═════ RECORDS FOR PROCESSING

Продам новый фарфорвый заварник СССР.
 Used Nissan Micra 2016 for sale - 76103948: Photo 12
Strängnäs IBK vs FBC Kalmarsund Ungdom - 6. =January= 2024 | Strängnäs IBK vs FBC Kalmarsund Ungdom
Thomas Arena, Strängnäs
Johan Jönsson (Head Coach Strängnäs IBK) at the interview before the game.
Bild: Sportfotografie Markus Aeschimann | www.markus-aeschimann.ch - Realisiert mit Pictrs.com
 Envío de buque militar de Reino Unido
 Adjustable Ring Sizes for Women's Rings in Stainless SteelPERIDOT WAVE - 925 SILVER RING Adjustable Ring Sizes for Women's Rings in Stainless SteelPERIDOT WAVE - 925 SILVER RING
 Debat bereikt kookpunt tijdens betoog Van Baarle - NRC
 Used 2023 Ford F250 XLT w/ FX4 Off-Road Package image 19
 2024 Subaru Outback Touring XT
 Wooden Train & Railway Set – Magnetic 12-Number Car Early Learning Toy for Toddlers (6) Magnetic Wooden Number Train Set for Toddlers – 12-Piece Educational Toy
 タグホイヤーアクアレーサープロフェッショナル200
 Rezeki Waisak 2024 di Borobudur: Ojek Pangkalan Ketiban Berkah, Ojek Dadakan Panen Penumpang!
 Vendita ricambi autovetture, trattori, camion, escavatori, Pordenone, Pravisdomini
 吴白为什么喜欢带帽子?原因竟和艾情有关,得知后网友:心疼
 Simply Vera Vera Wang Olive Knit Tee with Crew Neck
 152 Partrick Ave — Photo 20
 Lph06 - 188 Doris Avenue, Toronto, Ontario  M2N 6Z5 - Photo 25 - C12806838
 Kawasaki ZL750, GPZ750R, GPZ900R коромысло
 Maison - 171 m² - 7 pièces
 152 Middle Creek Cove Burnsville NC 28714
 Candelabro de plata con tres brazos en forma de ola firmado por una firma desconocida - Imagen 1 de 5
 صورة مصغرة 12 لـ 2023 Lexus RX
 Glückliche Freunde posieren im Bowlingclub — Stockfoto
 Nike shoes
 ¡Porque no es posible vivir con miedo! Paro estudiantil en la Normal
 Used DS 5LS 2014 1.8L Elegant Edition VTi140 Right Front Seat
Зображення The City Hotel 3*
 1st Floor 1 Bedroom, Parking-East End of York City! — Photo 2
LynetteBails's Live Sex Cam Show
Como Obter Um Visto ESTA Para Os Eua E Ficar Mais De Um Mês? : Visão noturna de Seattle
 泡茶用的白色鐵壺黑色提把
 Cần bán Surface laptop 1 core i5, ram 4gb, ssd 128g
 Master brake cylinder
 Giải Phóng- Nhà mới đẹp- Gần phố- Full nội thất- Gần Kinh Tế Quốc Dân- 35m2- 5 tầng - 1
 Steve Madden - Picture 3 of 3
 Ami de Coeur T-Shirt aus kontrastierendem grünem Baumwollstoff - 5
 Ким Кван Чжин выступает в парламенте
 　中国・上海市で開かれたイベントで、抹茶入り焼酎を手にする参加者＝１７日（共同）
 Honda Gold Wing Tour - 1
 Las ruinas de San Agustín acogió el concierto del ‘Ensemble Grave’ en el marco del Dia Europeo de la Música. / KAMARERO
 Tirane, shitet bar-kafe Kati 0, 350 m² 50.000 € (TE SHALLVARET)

══════════

EXERCISE OBJECTIVE:
Would you filter the records and copy out each line containing "Used"?

RESULT:
 Used Nissan Micra 2016 for sale - 76103948: Photo 12
 Used 2023 Ford F250 XLT w/ FX4 Off-Road Package image 19
 Used DS 5LS 2014 1.8L Elegant Edition VTi140 Right Front Seat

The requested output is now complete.